§ Given data
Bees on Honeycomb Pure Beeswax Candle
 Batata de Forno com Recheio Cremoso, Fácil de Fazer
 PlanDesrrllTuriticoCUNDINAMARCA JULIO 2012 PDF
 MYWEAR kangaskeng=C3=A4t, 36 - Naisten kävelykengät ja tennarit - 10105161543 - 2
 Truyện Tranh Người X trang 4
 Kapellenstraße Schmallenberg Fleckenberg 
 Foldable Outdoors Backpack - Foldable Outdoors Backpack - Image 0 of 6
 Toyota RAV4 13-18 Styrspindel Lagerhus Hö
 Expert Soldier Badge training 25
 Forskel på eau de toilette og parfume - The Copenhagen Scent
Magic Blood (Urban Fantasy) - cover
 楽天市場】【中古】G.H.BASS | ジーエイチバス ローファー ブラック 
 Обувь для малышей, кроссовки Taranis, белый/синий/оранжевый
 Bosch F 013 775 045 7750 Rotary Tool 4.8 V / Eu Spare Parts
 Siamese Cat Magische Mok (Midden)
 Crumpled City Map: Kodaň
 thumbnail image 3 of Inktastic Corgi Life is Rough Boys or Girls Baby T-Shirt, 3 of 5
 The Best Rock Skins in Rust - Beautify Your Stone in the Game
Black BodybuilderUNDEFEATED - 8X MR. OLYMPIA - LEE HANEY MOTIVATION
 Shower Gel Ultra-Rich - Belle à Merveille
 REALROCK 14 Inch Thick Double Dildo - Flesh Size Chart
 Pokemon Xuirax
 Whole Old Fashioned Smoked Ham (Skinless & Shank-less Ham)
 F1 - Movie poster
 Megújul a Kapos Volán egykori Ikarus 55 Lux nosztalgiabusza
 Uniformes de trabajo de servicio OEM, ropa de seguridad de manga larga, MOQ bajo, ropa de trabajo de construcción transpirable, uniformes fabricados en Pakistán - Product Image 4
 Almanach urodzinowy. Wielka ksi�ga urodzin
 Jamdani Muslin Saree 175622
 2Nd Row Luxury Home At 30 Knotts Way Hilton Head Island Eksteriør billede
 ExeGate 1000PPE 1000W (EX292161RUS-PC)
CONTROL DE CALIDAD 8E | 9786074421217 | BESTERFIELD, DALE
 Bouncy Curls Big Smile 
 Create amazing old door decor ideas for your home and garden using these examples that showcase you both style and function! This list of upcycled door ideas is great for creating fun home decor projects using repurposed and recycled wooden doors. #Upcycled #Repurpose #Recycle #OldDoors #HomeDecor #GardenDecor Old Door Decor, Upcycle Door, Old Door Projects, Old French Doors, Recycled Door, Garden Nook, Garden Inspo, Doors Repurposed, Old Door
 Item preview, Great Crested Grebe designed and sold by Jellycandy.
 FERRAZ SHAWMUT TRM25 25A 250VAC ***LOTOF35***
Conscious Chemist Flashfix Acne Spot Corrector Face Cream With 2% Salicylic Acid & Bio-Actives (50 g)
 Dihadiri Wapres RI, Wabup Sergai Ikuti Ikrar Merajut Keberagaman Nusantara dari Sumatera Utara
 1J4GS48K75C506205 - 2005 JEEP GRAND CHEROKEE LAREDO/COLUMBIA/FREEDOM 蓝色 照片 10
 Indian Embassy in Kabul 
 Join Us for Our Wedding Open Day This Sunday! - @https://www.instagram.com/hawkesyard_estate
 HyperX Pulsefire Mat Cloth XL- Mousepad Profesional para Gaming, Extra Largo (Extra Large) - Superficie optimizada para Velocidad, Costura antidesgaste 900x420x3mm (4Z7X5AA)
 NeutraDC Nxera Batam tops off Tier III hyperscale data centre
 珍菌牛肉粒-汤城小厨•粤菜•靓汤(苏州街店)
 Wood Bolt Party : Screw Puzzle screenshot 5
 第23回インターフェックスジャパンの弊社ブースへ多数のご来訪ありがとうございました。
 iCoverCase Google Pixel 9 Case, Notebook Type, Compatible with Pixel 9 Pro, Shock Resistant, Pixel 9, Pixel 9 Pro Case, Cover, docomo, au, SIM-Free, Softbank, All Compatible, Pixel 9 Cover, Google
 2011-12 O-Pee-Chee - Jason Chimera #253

§ Work item
Show all lines from the entries that hold "This".

§ Written response
 Create amazing old door decor ideas for your home and garden using these examples that showcase you both style and function! This list of upcycled door ideas is great for creating fun home decor projects using repurposed and recycled wooden doors. #Upcycled #Repurpose #Recycle #OldDoors #HomeDecor #GardenDecor Old Door Decor, Upcycle Door, Old Door Projects, Old French Doors, Recycled Door, Garden Nook, Garden Inspo, Doors Repurposed, Old Door
 Join Us for Our Wedding Open Day This Sunday! - @https://www.instagram.com/hawkesyard_estate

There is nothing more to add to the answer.